• _Task requirements_
Please return the listing exactly as written, but without its pictures.
[Opening Source data section]
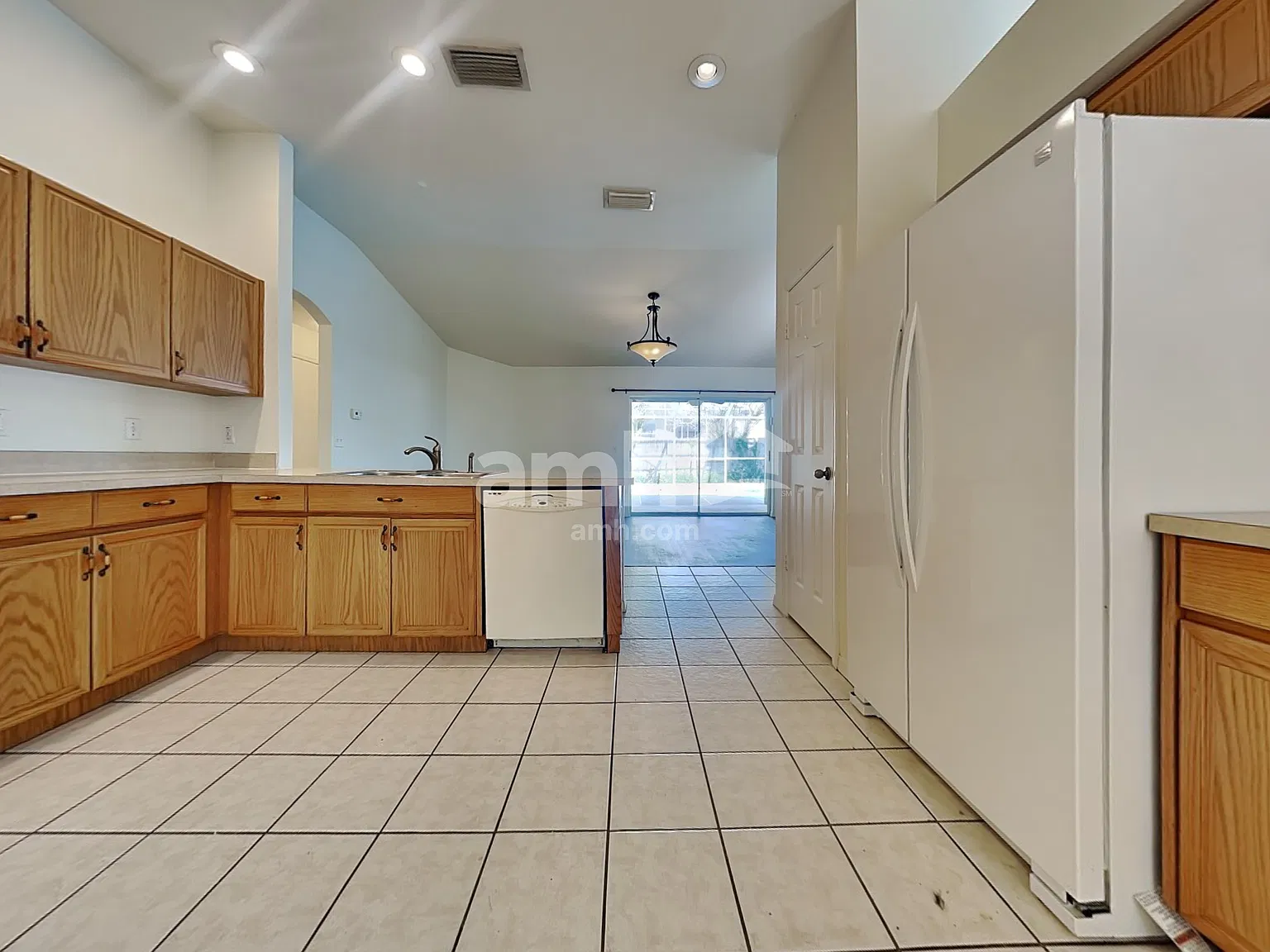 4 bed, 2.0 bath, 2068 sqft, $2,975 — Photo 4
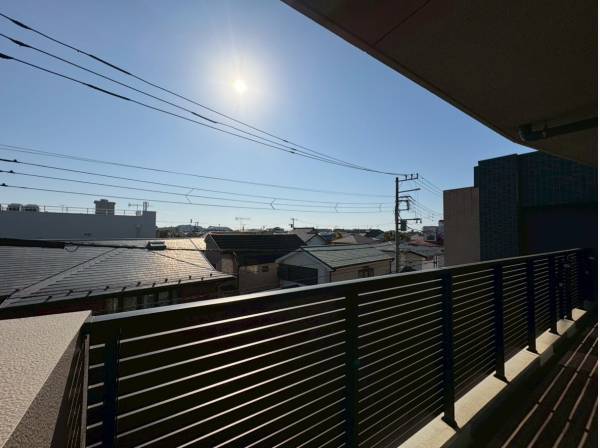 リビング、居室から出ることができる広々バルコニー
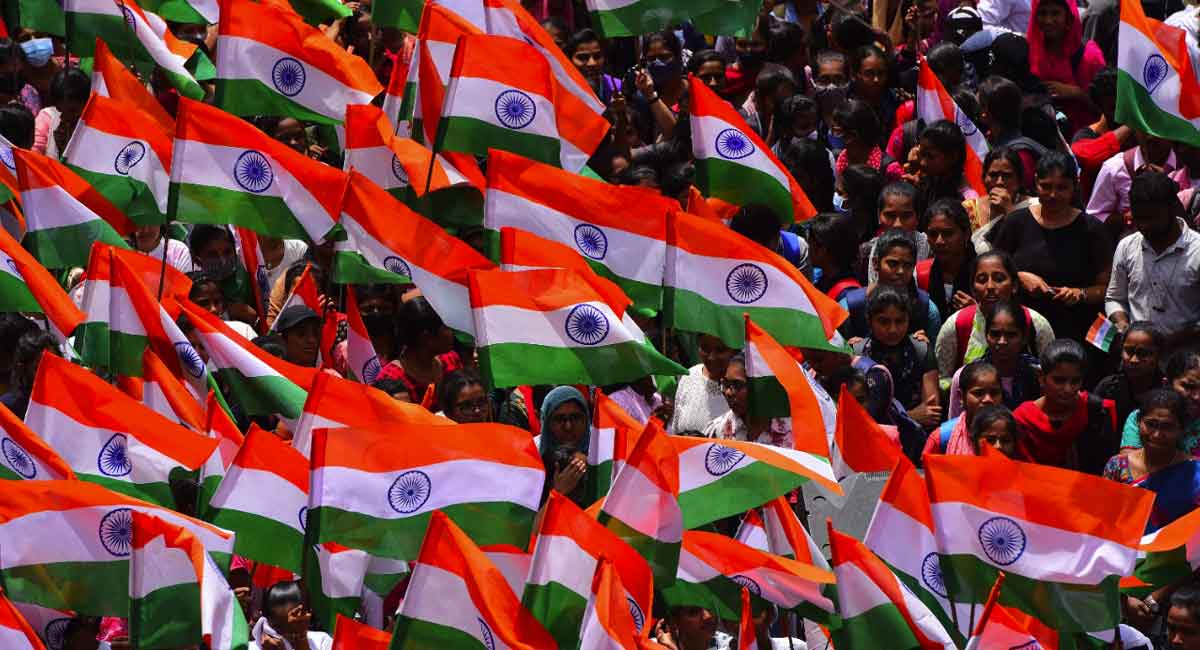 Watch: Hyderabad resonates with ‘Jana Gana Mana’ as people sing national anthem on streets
[Closing Source data section]
• _Solved problem_
 4 bed, 2.0 bath, 2068 sqft, $2,975 — Photo 4
 リビング、居室から出ることができる広々バルコニー
 Watch: Hyderabad resonates with ‘Jana Gana Mana’ as people sing national anthem on streets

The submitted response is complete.